With rewrites, you get to see the story change shape and, if you’re lucky and skilled enough, grow into something beautiful. Of course, there are those horrible moments when you realize that you’re going to have to lose a scene that you really liked, or that word of which you are so enamored because it no longer fits the picture. I think perhaps that’s when you know you’re a real writer, when you can cut good stuff for the greater good of the story.
I must comment about Barbara's post, below, about how a writer faces the end of her book. I totally relate to her fear of not being able to pull it off. It's really horrible to know exactly how you want it to come off and not be sure you have the chops to do it. I never quite achieve the brilliant, knock-your-socks-off triumph that I had envisioned, but I'm usually pleased enough in the end. I often don't know exactly how it's going to end, myself, until it does. Once I do finish a book, I love to go back over it and fiddle with it, changing a word here, a sentence there, like polishing a new-made piece of furniture. Pulling off a great ending requires not only skill, but insight and not a little luck!
And one last word about computers (see Rick’s cautionary entry, April 17, below). I’m about twenty years behind the times when it comes to technology. I wonder if the reason isn't because I have no kids to shame me into keeping up with the times. For those of us who attained majority before the advent of the computer age, it just ain’t fair. We aren’t stupid. But we grew up in a world that required a whole other set of skills.

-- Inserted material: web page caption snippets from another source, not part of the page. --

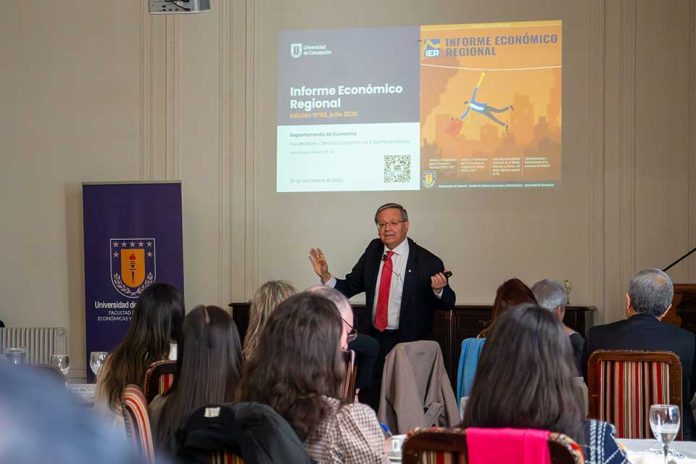 Presentación Informe Económico Regional Biobío Economía del Biobío no crecería este 2026 por escenario internacional adverso y demanda interna aún sin dinamismo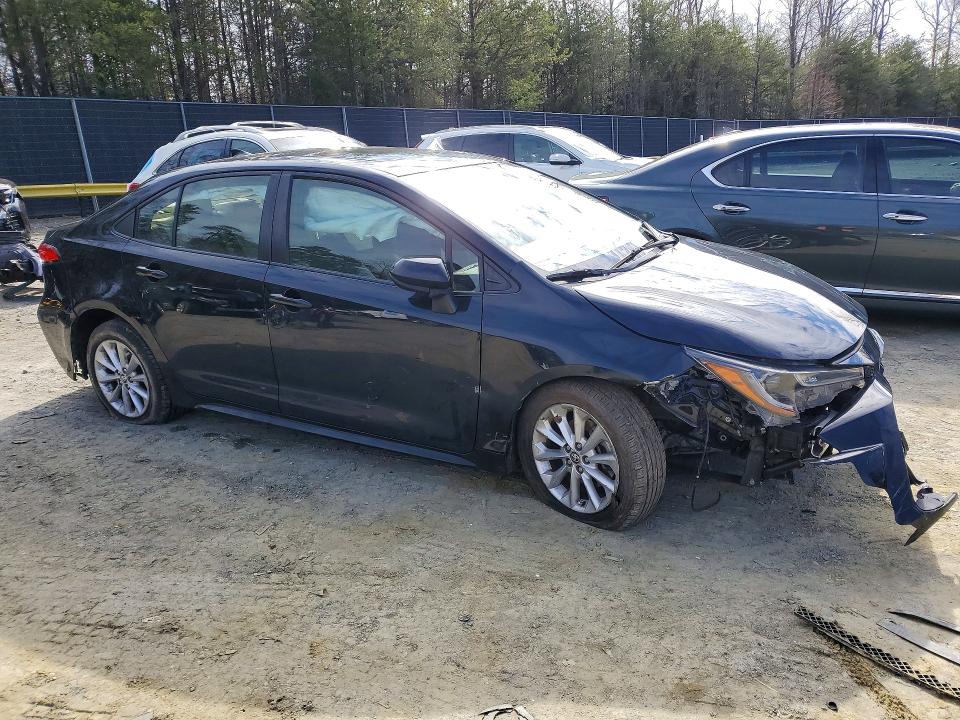 46515926 :رقم المزاد ، JTDHPRAE7LJ020743 vin ، 2020 Toyota Corolla مزاد بيع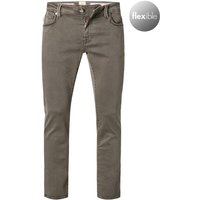 tramarossa Herren Jeans grün Baumwoll-Stretch Slim Fit von tramarossa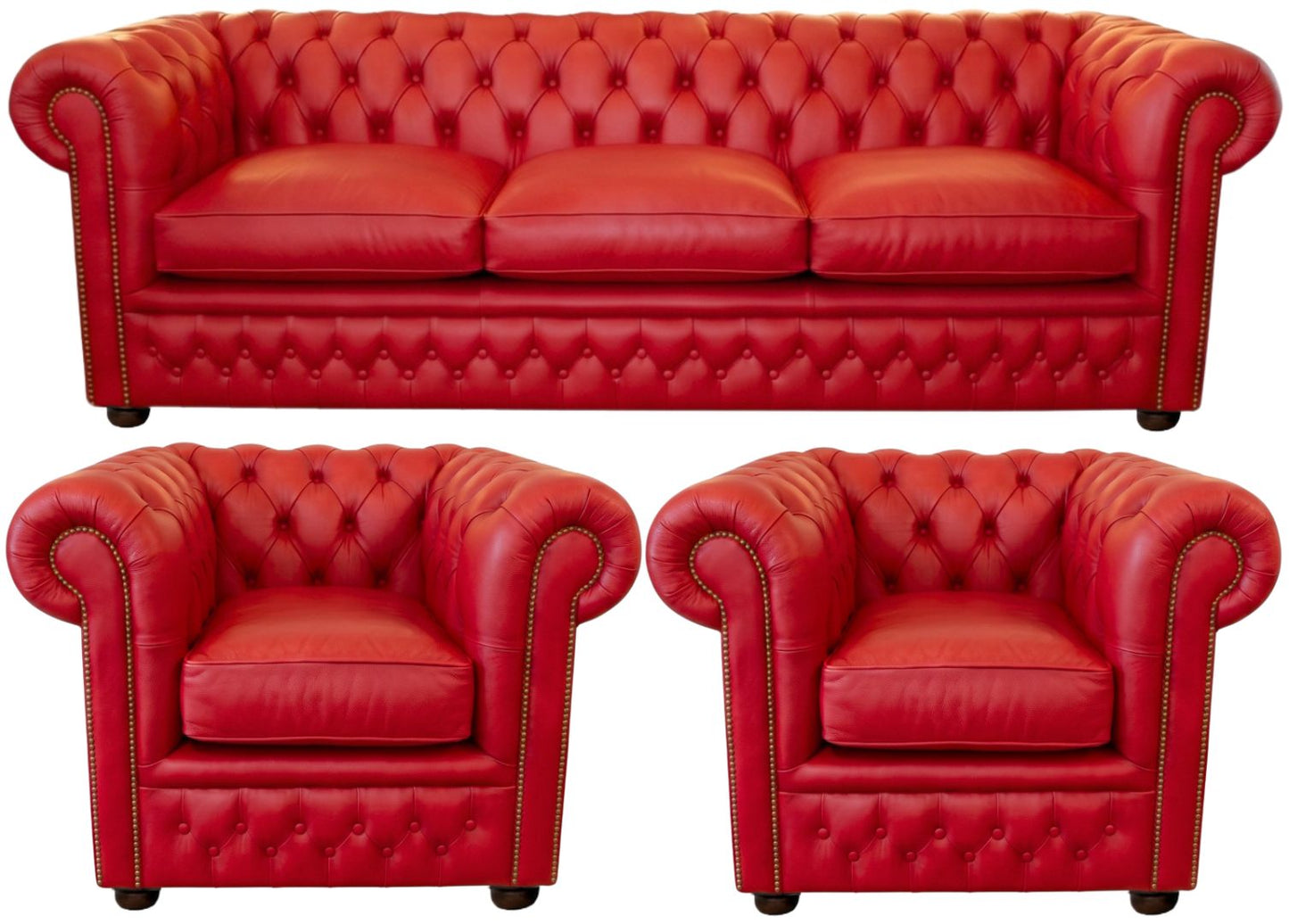 The Kensington Chesterfield 3 Piece Suite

I hate to sound like an old curmudgeon who goes on about how she used to live in a shoebox in the middle of the road and eat mud for supper when she was a child, but that’s not going to stop me. I write a historical series, but I don’t think the past was better than the present. Far from it. I’m not nostalgic for the past. I don’t rue the fact that the world is changing. That’s the way it is. But it does seem that I hardly recognize the planet I grew up on any more. I don’t value the things that most of society seems to value.
I expect this happens to everyone, and has since the beginning of time. I wonder sometimes about those souls who manage to live to be 100 or 110. How must they feel about the fact that everyone else who understood their world has entered the choir eternal? How must they feel when the very world they knew how to live in is gone, when they find themselves on what amounts to a different planet, and they are the only ones of their species left in existence?
Hmm, there’s a plot in there somewhere. And now I beg to be excused so that I can go back up all my work.